Image-text web data
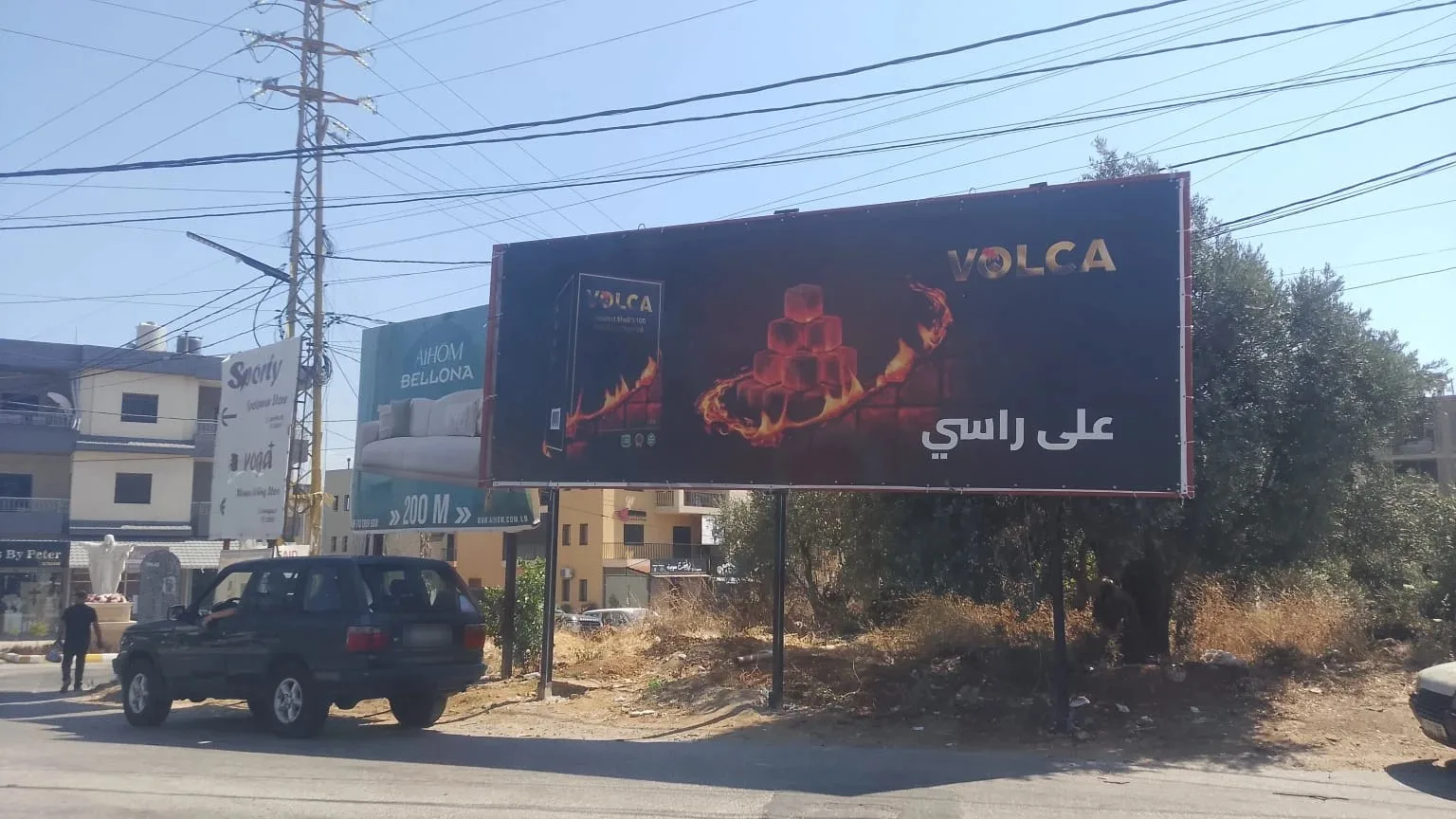 Volca landscape billboard in a Zgharta street with the line على راسي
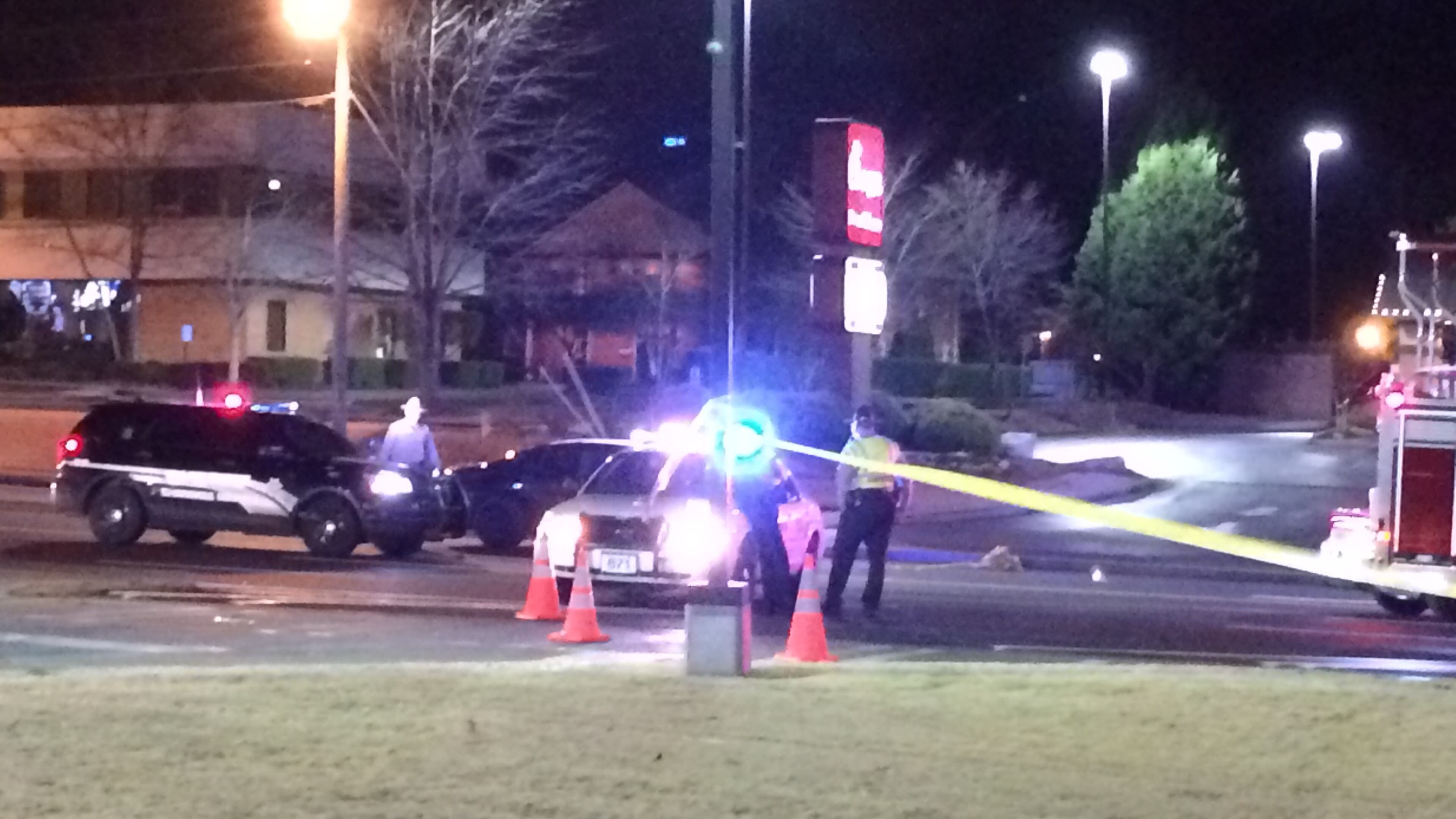 A person was shot and killed about 9:30 p.m. Tuesday on Highway 92 in Woodstock. Police have the suspect in custody. ELLEN ELDRIDGE / ELLENELDRIDGE@AJC.COM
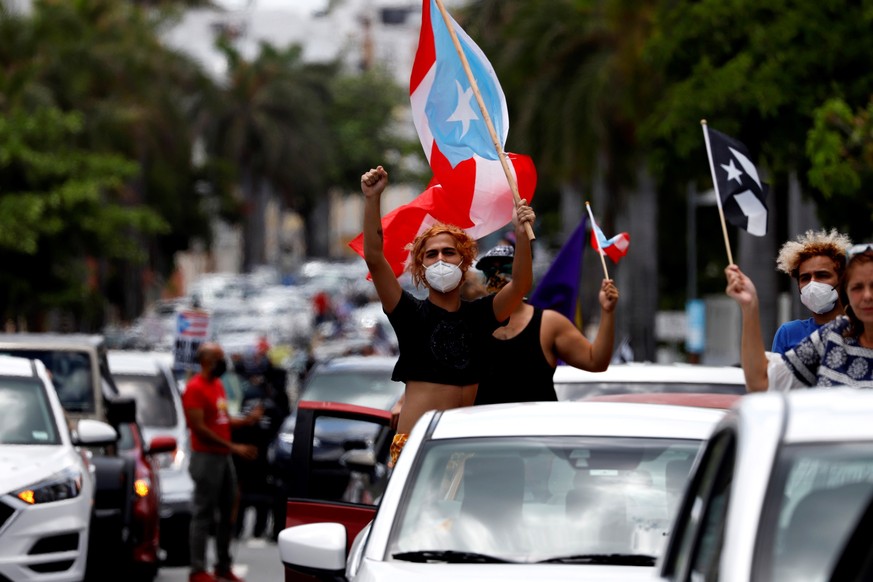 epa08396783 People participate from their cars during a demonstrations for the International Labor Day, in San Juan, Puerto Rico, 01 May 2020. Several demonstrations commemorated this Friday the Inter ...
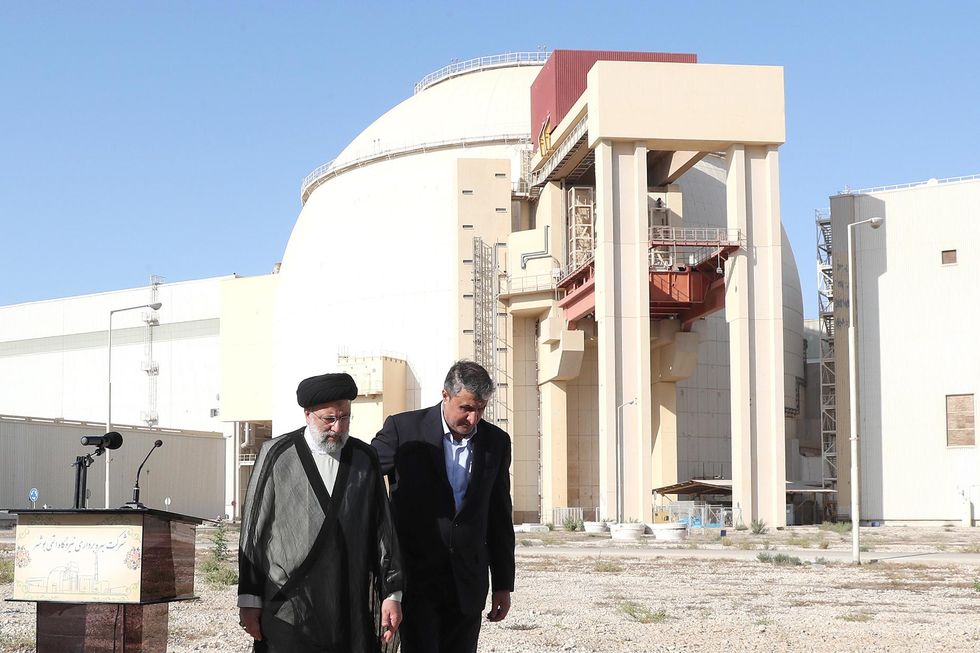 The latest report by the IAEA chief to its governing board says Iran has augmented its enriched uranium reserves
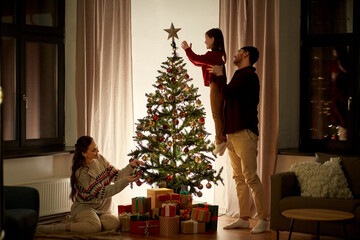 family, winter holidays and people concept - happy mother, father and little daughter decorating christmas tree at home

== Requirement ==
Using the entries above, repeat exactly the lines from the one with "A person was" to the one with "epa08396783 People participate", both included, and leave the pictures behind.

== Solution ==
 A person was shot and killed about 9:30 p.m. Tuesday on Highway 92 in Woodstock. Police have the suspect in custody. ELLEN ELDRIDGE / ELLENELDRIDGE@AJC.COM
 epa08396783 People participate from their cars during a demonstrations for the International Labor Day, in San Juan, Puerto Rico, 01 May 2020. Several demonstrations commemorated this Friday the Inter ...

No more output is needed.